Beginning with the line that holds "紫花黑白貓刺繡牛仔荷葉邊背心" and ending with the last line of the entries, please output each line exactly, apart from any pictures.

######

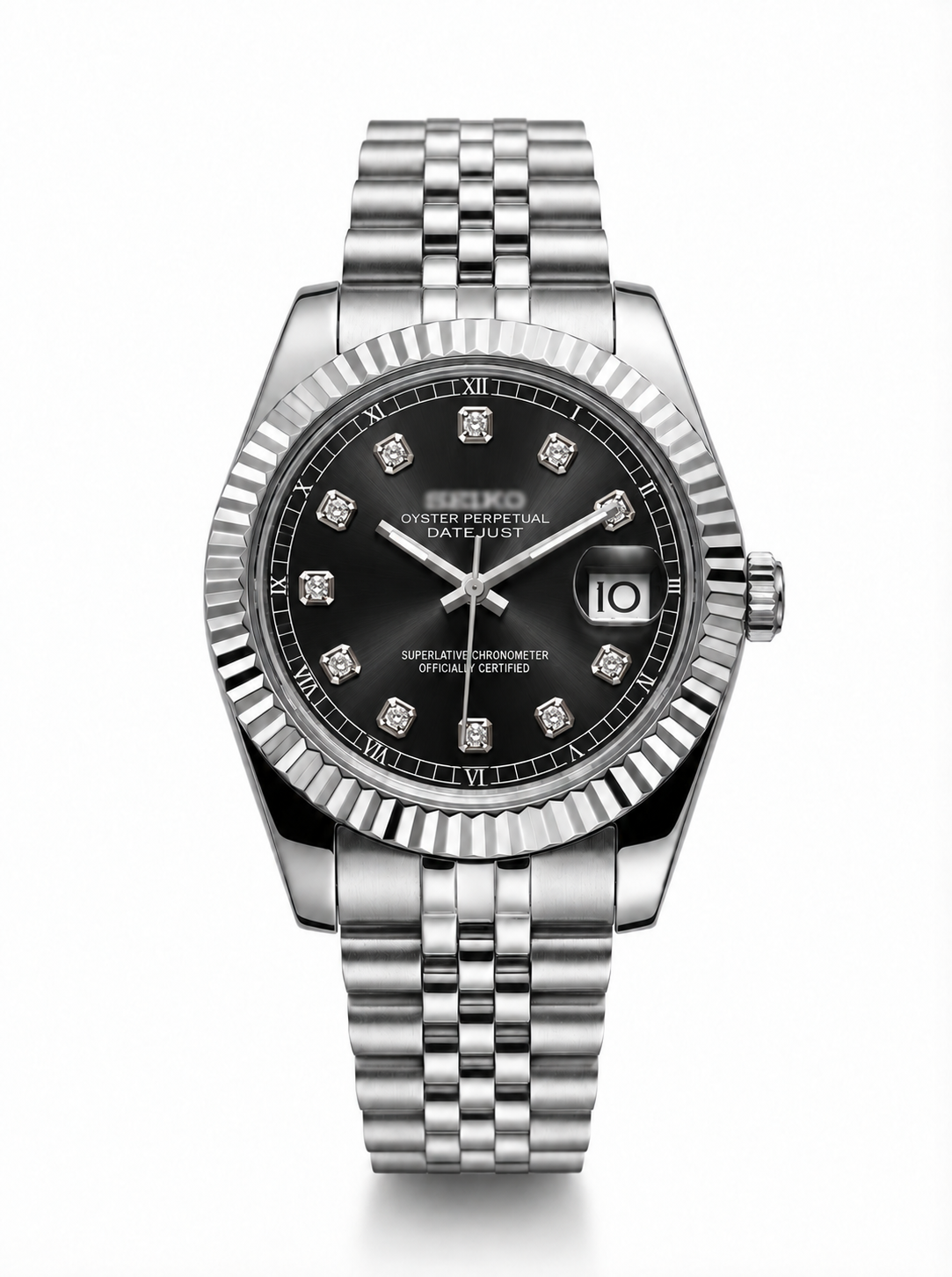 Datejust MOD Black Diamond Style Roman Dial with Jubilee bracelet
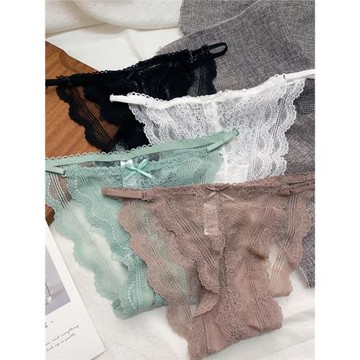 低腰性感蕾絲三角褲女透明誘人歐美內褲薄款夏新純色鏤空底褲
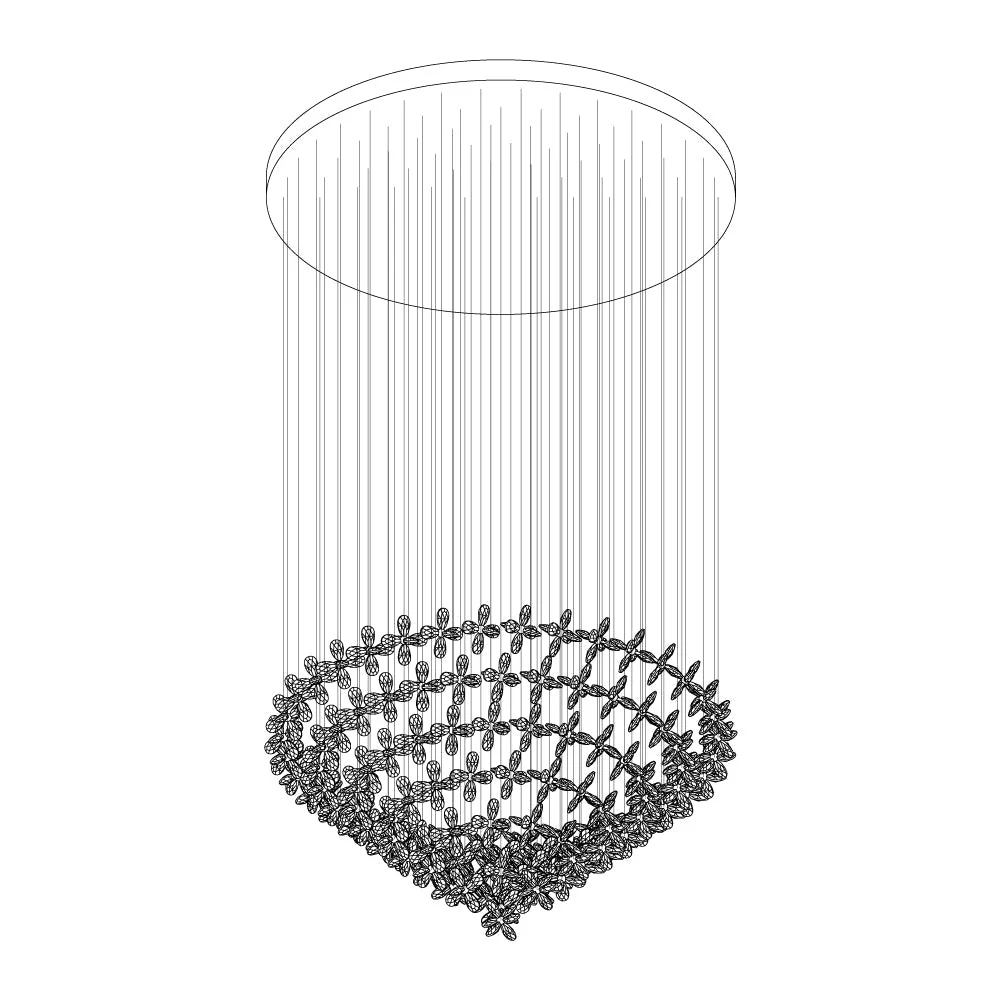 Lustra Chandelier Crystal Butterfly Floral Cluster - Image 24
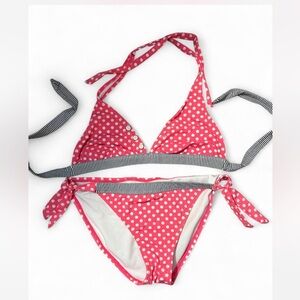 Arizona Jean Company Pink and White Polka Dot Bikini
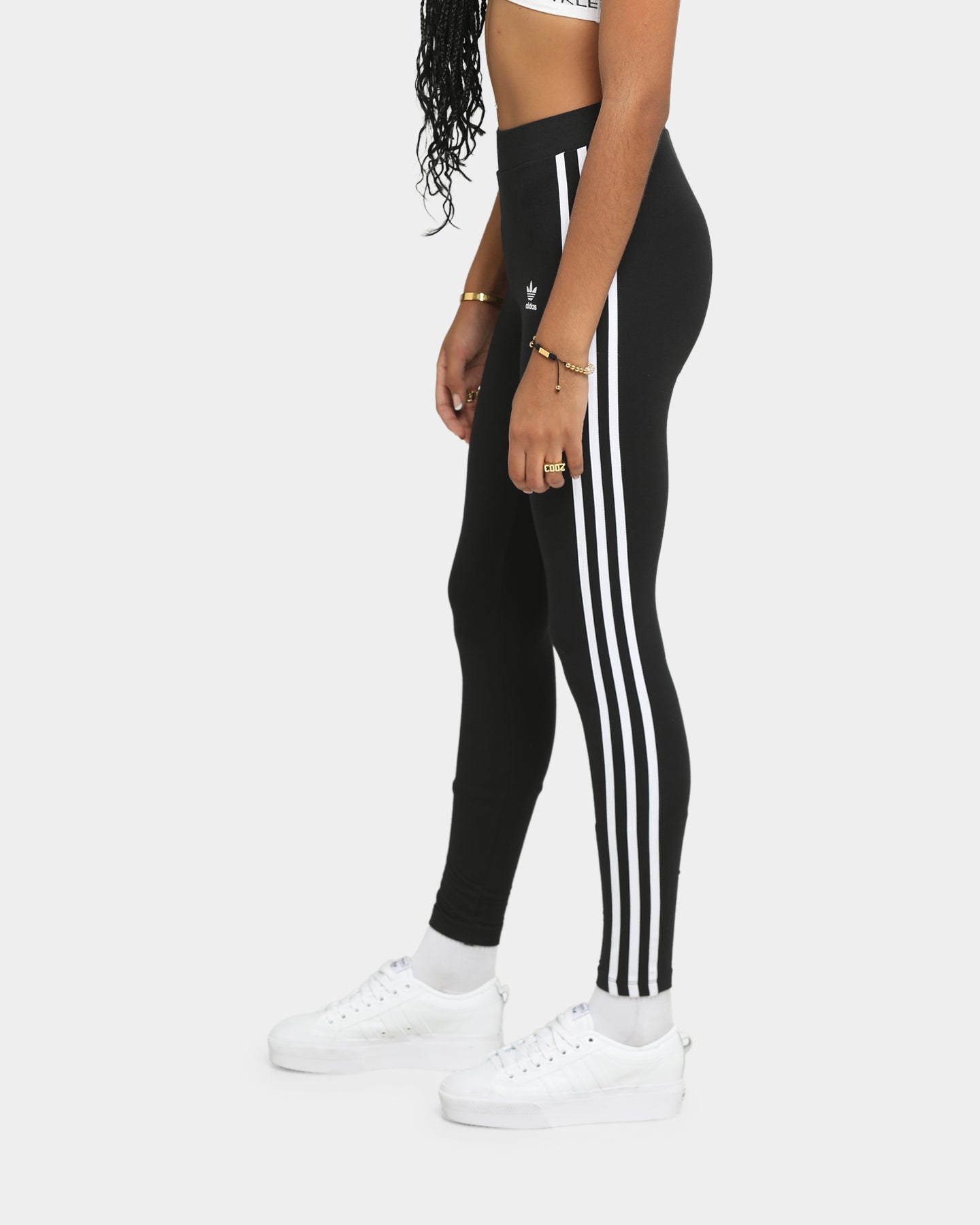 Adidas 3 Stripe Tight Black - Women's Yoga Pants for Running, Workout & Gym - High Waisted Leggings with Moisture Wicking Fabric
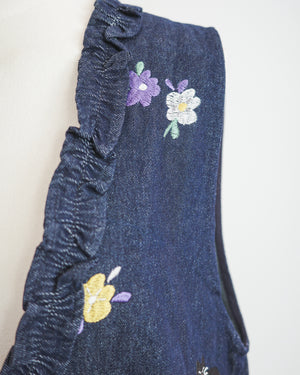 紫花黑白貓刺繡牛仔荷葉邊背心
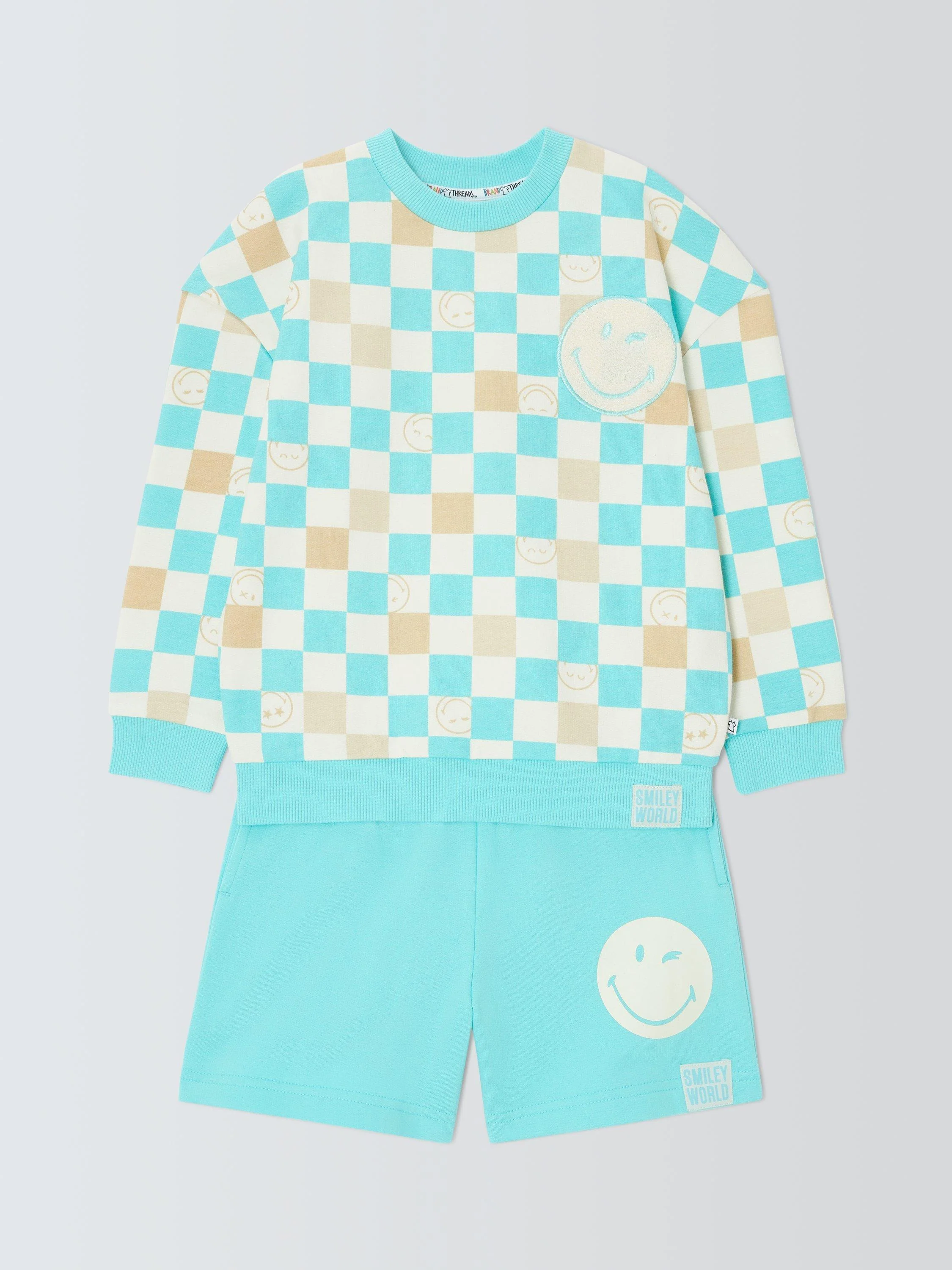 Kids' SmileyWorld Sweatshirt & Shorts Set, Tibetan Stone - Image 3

######

◆ Written response
 紫花黑白貓刺繡牛仔荷葉邊背心
 Kids' SmileyWorld Sweatshirt & Shorts Set, Tibetan Stone - Image 3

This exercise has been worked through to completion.